**TO DO**
A word-for-word reproduction of the listing is required.

**DATASET RECORDS**
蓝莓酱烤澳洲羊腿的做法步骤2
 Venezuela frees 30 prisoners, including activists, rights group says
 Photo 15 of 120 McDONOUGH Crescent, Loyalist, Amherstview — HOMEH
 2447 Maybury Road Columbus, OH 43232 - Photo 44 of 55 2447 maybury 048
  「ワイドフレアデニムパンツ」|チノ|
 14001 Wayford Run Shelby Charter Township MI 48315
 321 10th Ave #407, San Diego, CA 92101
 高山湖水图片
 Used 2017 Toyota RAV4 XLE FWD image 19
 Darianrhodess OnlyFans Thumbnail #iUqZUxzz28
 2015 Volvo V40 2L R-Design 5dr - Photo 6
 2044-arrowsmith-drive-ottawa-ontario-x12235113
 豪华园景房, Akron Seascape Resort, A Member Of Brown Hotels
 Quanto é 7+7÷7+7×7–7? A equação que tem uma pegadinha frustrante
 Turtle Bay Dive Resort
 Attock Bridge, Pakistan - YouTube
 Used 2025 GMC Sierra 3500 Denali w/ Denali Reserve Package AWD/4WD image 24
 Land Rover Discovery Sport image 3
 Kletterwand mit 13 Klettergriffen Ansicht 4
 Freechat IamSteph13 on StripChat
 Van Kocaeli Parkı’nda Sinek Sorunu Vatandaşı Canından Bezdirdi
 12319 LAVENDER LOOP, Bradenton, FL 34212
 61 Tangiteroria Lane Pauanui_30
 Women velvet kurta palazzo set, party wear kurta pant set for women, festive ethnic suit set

**ANSWER TO THIS EXERCISE**
蓝莓酱烤澳洲羊腿的做法步骤2
 Venezuela frees 30 prisoners, including activists, rights group says
 Photo 15 of 120 McDONOUGH Crescent, Loyalist, Amherstview — HOMEH
 2447 Maybury Road Columbus, OH 43232 - Photo 44 of 55 2447 maybury 048
  「ワイドフレアデニムパンツ」|チノ|
 14001 Wayford Run Shelby Charter Township MI 48315
 321 10th Ave #407, San Diego, CA 92101
 高山湖水图片
 Used 2017 Toyota RAV4 XLE FWD image 19
 Darianrhodess OnlyFans Thumbnail #iUqZUxzz28
 2015 Volvo V40 2L R-Design 5dr - Photo 6
 2044-arrowsmith-drive-ottawa-ontario-x12235113
 豪华园景房, Akron Seascape Resort, A Member Of Brown Hotels
 Quanto é 7+7÷7+7×7–7? A equação que tem uma pegadinha frustrante
 Turtle Bay Dive Resort
 Attock Bridge, Pakistan - YouTube
 Used 2025 GMC Sierra 3500 Denali w/ Denali Reserve Package AWD/4WD image 24
 Land Rover Discovery Sport image 3
 Kletterwand mit 13 Klettergriffen Ansicht 4
 Freechat IamSteph13 on StripChat
 Van Kocaeli Parkı’nda Sinek Sorunu Vatandaşı Canından Bezdirdi
 12319 LAVENDER LOOP, Bradenton, FL 34212
 61 Tangiteroria Lane Pauanui_30
 Women velvet kurta palazzo set, party wear kurta pant set for women, festive ethnic suit set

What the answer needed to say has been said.